== Segment start ==
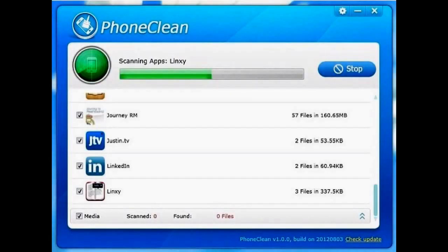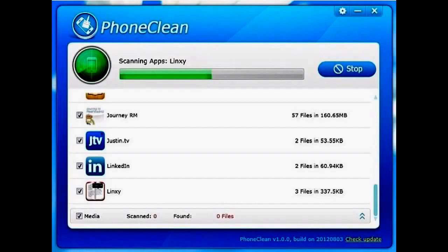The scan can take from a minute to several minutes depending on how much data you have on your device, but trust me, it's worth the wait. If for any reason you need to stop the scan, there's a stop button up to the right and you can press that at any time.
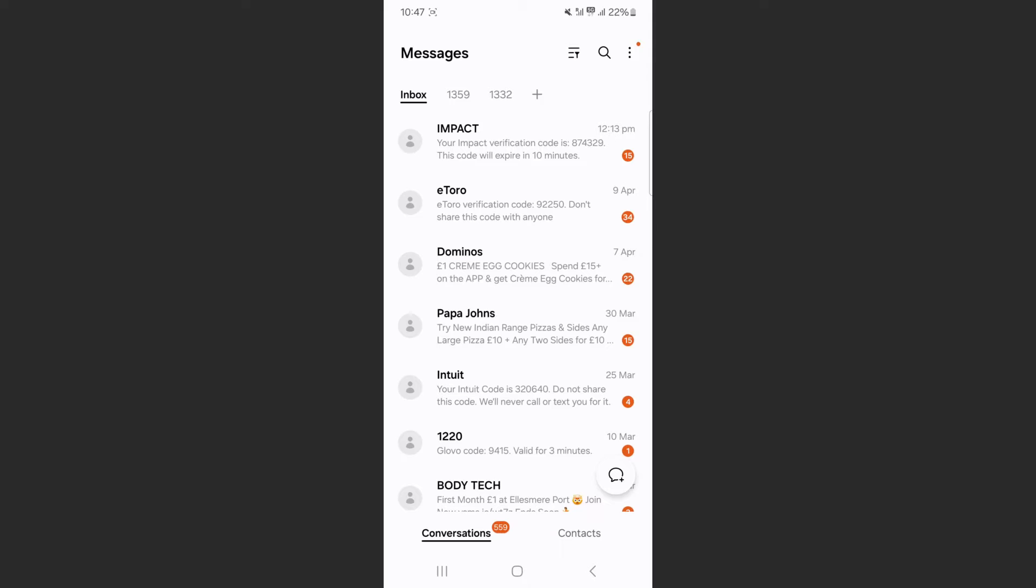As you can see, I have over 500 different conversations and a lot of text messages. And quite frankly, I don't want to go through every single one and open it up for it to be marked as read. Instead, I want to mark all of them as read at the same time.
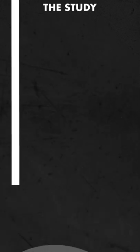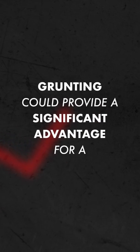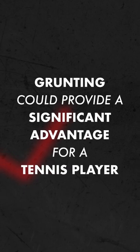Considering how much of a player's game depends on forehands and serves, the study provides evidence that grunting could provide a significant advantage for a tennis player.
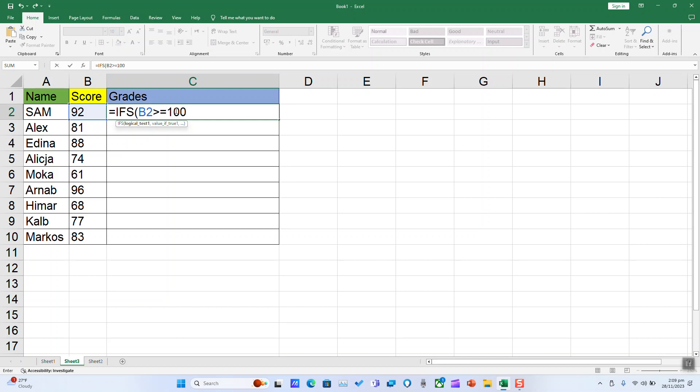This is an example of a table for students in my classroom for which I want to attribute grades according to their scores. So if B2, the score, is superior or equal to 90, Excel will put quotation marks A.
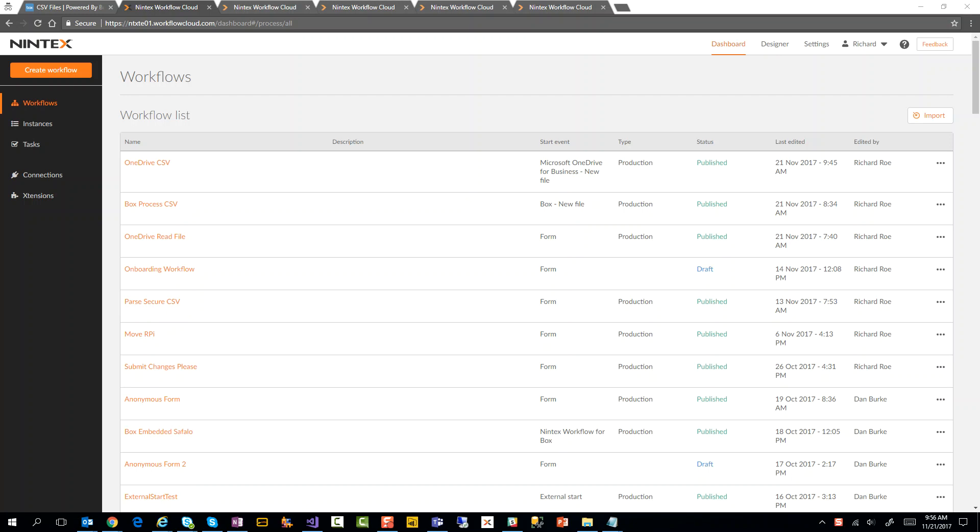Okay, hey everyone. I had a requirement recently around being able to parse a CSV file from a workflow in Nintex Workflow Cloud.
== Segment end ==
◆ Exercise
Pictures excluded, quote all the data above exactly.

◆ Your solution
The scan can take from a minute to several minutes depending on how much data you have on your device, but trust me, it's worth the wait. If for any reason you need to stop the scan, there's a stop button up to the right and you can press that at any time.
As you can see, I have over 500 different conversations and a lot of text messages. And quite frankly, I don't want to go through every single one and open it up for it to be marked as read. Instead, I want to mark all of them as read at the same time.
Considering how much of a player's game depends on forehands and serves, the study provides evidence that grunting could provide a significant advantage for a tennis player.
This is an example of a table for students in my classroom for which I want to attribute grades according to their scores. So if B2, the score, is superior or equal to 90, Excel will put quotation marks A.
Okay, hey everyone. I had a requirement recently around being able to parse a CSV file from a workflow in Nintex Workflow Cloud.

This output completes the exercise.